» Assignment: Give back each entry exactly as written, apart from the pictures.

» Dataset excerpts:
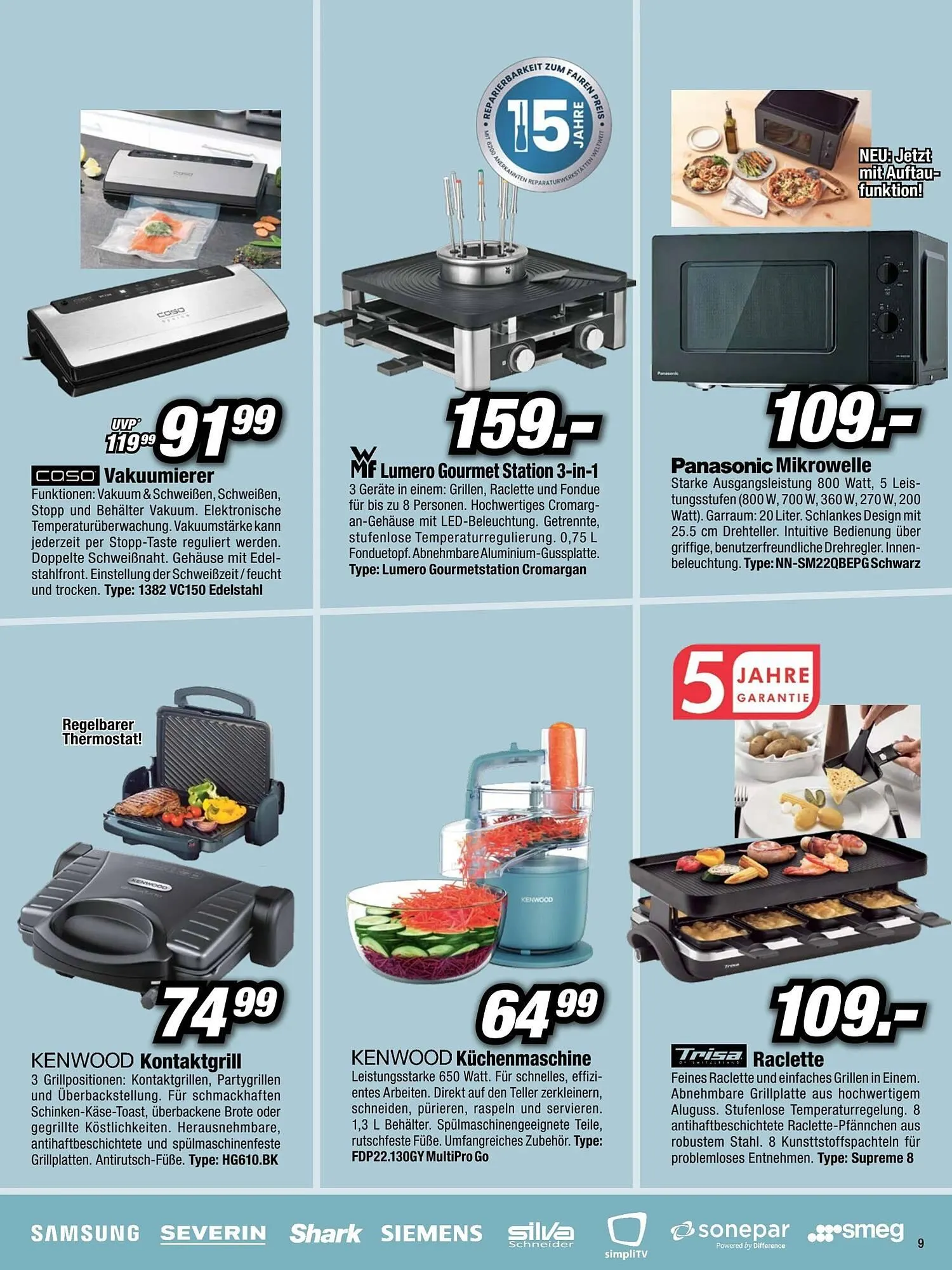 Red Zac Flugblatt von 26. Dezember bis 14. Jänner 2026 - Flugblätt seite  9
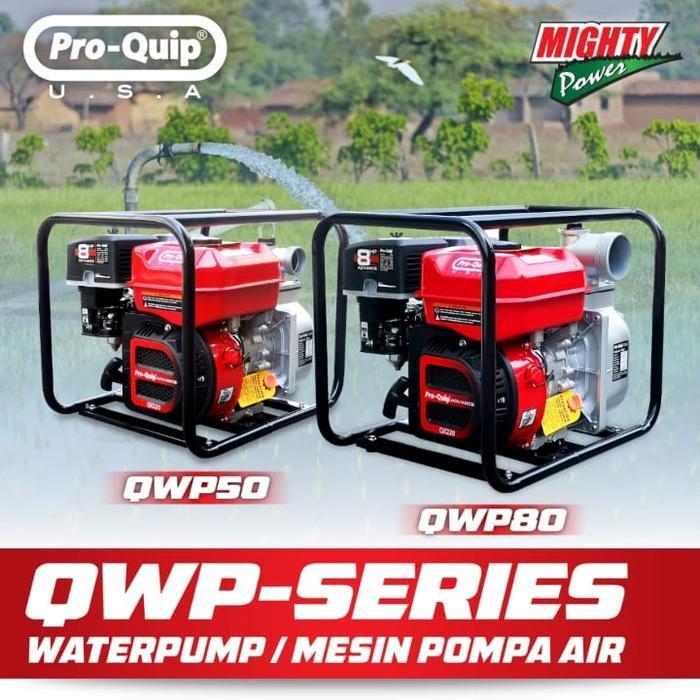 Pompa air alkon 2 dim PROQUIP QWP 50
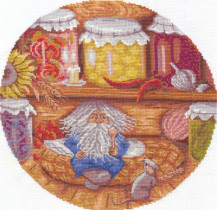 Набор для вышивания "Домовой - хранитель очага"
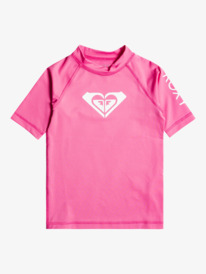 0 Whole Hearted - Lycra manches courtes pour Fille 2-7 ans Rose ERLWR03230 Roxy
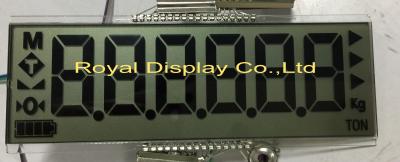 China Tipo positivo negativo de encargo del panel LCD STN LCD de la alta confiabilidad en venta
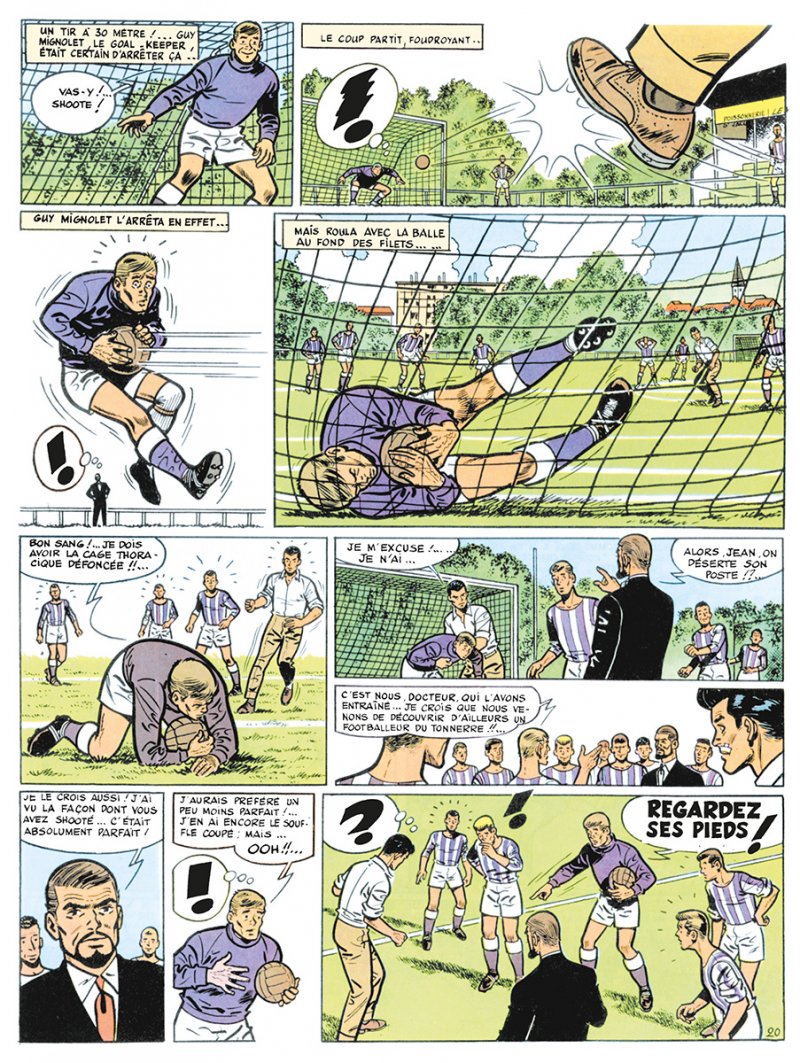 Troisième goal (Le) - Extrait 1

» Response area:
 Red Zac Flugblatt von 26. Dezember bis 14. Jänner 2026 - Flugblätt seite  9
 Pompa air alkon 2 dim PROQUIP QWP 50
 Набор для вышивания "Домовой - хранитель очага"
 0 Whole Hearted - Lycra manches courtes pour Fille 2-7 ans Rose ERLWR03230 Roxy
 China Tipo positivo negativo de encargo del panel LCD STN LCD de la alta confiabilidad en venta
 Troisième goal (Le) - Extrait 1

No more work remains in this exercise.